Find [.,]\n ...but not if what follows \n is the word This

General questions about using TextPad

Moderators: AmigoJack, bbadmin, helios, Bob Hansen, MudGuard

Post Reply
User avatar
no.cache
Posts: 165
Joined: Thu May 15, 2003 2:52 pm

Find [.,]\n ...but not if what follows \n is the word This

Post by no.cache »

If the word This follows that \n, then I want to ignore that hit. Can I even do this? :oops:

I tried
[.,]\n[^This]
but it's grabbing the first character of what follows \n — and I need it to leave what follows the \n in place (unless what follows is the word This).

I hope that makes sense.

brblbrblbrbl :roll:

Skye
User avatar
no.cache
Posts: 165
Joined: Thu May 15, 2003 2:52 pm

Post by no.cache »

In other words . . .

text text text,
Purple Monkey

is finding
text text text,
P
urple Monkey

when I only want it to find
,
- - - - - - - - - - - - - - - -
and the strings . . .

text text text,
This Purple Monkey

I want it to ignore altogether because "This" follows the ,\n
Matthew Pearce
Posts: 7
Joined: Tue Jun 10, 2003 10:16 am

[.,] sb [\.,]

Post by Matthew Pearce »

I think the first part of your expression should be [\.,] since the fullstop is a regular expression in its own right (matching any single character) and therefore needs to be countermanded by the slash.

Matthew
User avatar
no.cache
Posts: 165
Joined: Thu May 15, 2003 2:52 pm

Post by no.cache »

Matthew, could you explain what

[.,] sb [\.,]

does? I take it that was what you meant to put in the body of your post (I saw it peeking out on the subject line)?

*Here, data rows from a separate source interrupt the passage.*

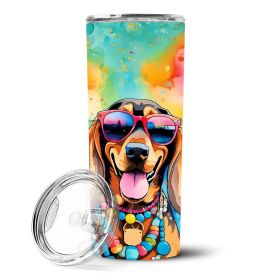 Doberman Pinscher Hippie Dawg Stainless Steel Skinny Tumbler Vacuum Double Walled Reusable Insulated Tumbler Travel Cup for Coffee Cocktails Gift with (Default: Default)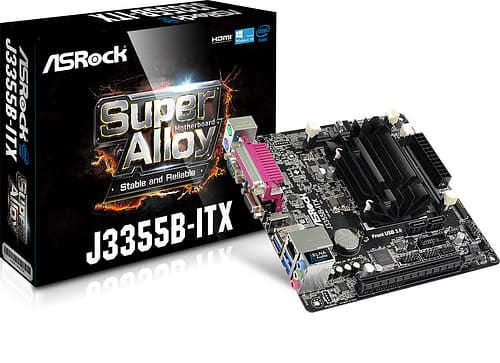TARJETA MADRE ASROCK J3355B-ITX CPROC INTEL DUALCORE 2 DDR3 1866 SODIMM 2 SATA 3 USB3.0 1 PCIE 2.0 HDMI 01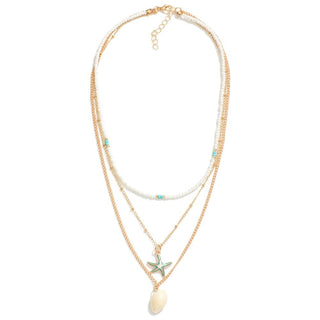 Starfish Shell Pearl Necklace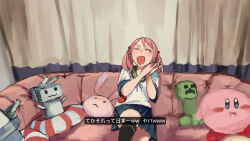 1girl black_socks blue_ribbon blue_skirt character_doll commentary_request couch creeper facing_viewer fake_video feet_out_of_frame green_sailor_collar hair_bobbles hair_ornament indoors innertube kantai_collection ken_sogen kirby kirby_(series) kneehighs laughing medium_hair minecraft neck_ribbon nintendo on_couch own_hands_together pink_hair pleated_skirt red_eyes rensouhou-chan ribbon sailor_collar sazanami_(kancolle) school_uniform serafuku shirt short_sleeves sitting skirt smile socks solo subtitled swim_ring tearing_up translation_request twintails v-shaped_eyebrows white_shirt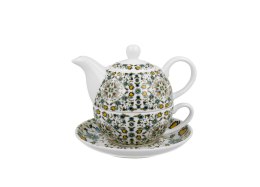 Tea for One porcelanowy / Filiżanka z dzbankiem i spodkiem wzór KASZUBSKI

Thanks! How about a NOT THIS WORD? Is something like this even possible in Textpad? Because there are plenty of NOT THIS CHARACTER workarounds.

Just had an idea: Could you string together the characters, something like:

[^T+h+i+s]

I know that's garbage, but I use it as a model only. Thanks!

Skye
Ed
Posts: 103
Joined: Tue Mar 04, 2003 9:09 am
Location: Devon, UK

Post by Ed »

Hi Skye
What you need is
\([.]\|,\)\n\([^T][^h][^i][^s]\)
and when you replace use \2 to replace the text that is not "This" - an example of "before and after" from you would be helpful in giving a solution
Ed
User avatar
no.cache
Posts: 165
Joined: Thu May 15, 2003 2:52 pm

Post by no.cache »

Ed wrote:Hi Skye
What you need is
\([.]\|,\)\n\([^T][^h][^i][^s]\)
and when you replace use \2 to replace the text that is not "This" - an example of "before and after" from you would be helpful in giving a solution
Ed
EGADS! (runs from the room leaving a diminishing trail ha ha).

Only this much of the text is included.